My lack of general understanding in this life is something I simultaneously loathe and love. The moment I believe I’ve got it all figured out, my growth will cease. Therefore, I must embrace my human fallibility (acknowledge God’s sovereignty), my mistakes (look for lessons He’s teaching me), and utter failure to comprehend deeper meaning (let go and let God). To appropriately address this is to pray for wisdom, discernment, direction, brokenness, and humility to accept correction and encouragement.
When one prays for these things, it becomes paramount to prepare for the consequences. What I can only refer to as heightened perception, altered perspective, and a sense of unrest continue to build inside me. Although normally this would be upsetting to me, instead my hunger and thirst for communion with the Lord has intensified.

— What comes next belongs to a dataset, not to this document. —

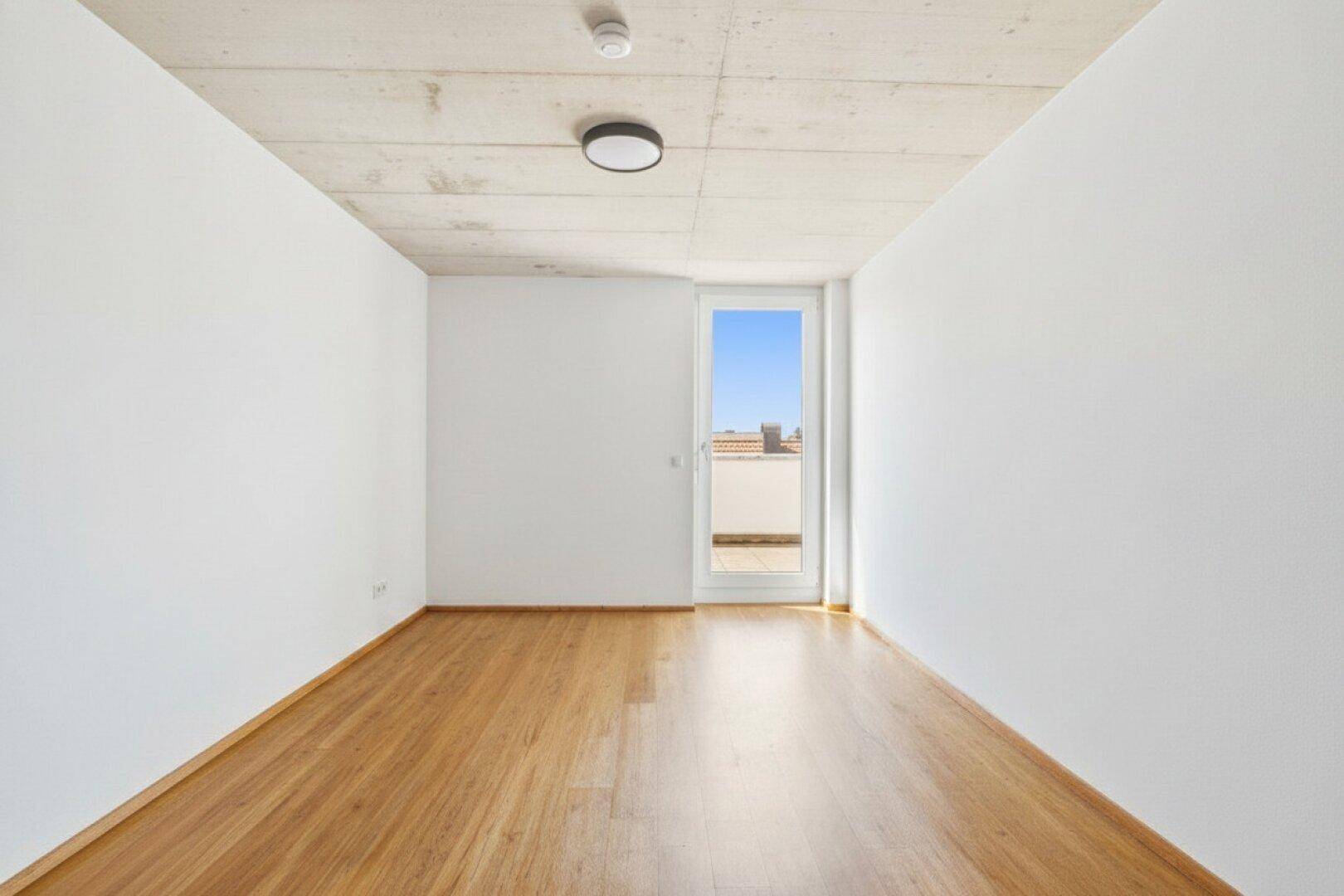 Leerer Raum mit Holzboden und Zugang zu einem Außenbereich, ideal für individuelle Gestaltung.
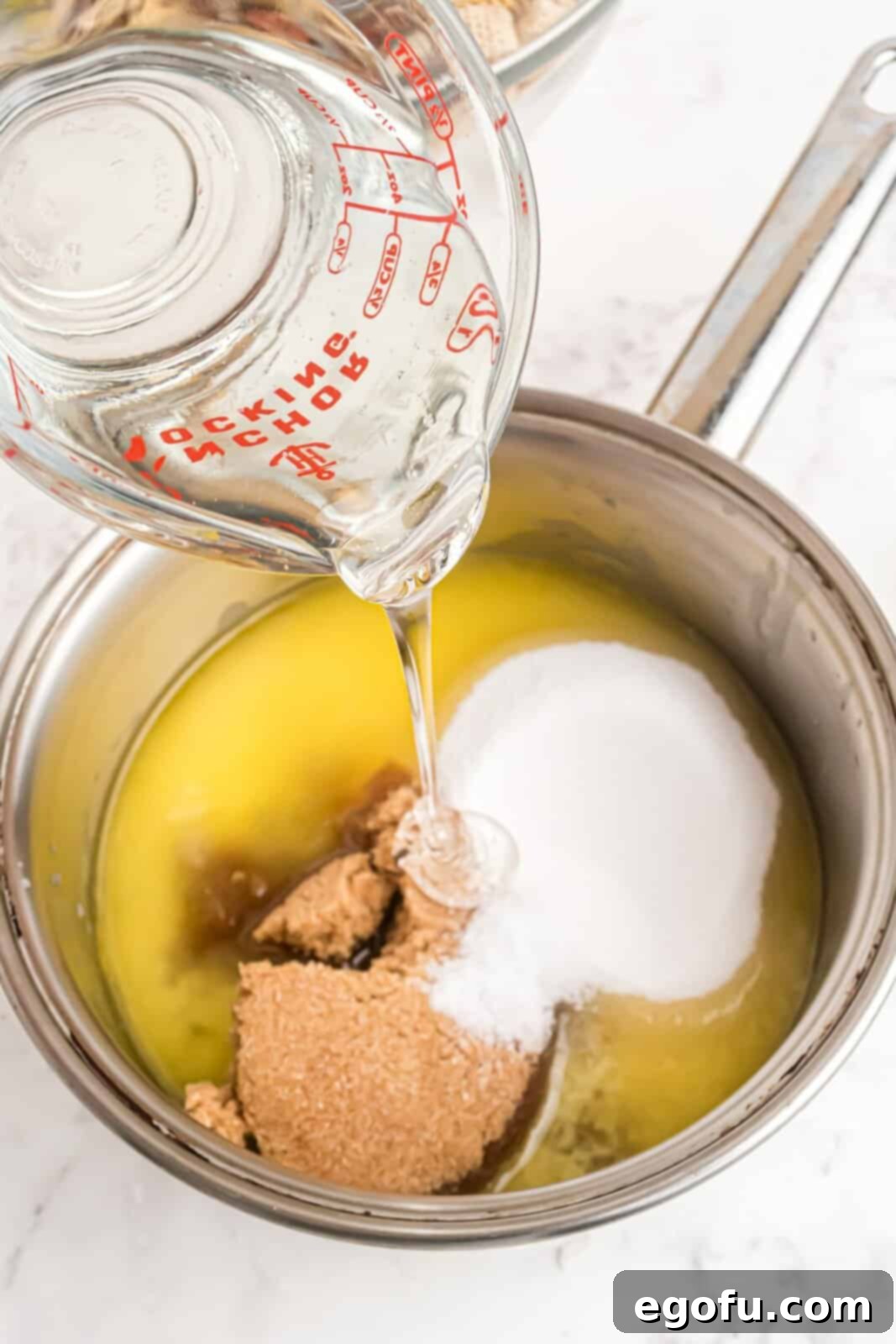 The simmering sweet glaze mixture, including butter, corn syrup, and sugars, in a saucepan.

I feel God directing me toward awareness in the moment; not allowing myself to waste any of what I’ve been so generously given. I pray that I will never stop fighting to give ever more of myself over to His will for me and what He wants to accomplish through me. No compartment of my life is safe from the refining fire, nor would I want it to be. Too often I’ve kept for myself that which I know is poisonous.
Sin is unavoidable, but that does not mean I shouldn’t do my all to leave it behind. With the Lord Jesus Christ’s help, I will escape temptation by the power of God’s faithfulness (I Corinthians 10:13).
In the (excruciatingly often) times I fall short, His grace is sufficient. His mercies are new every morning.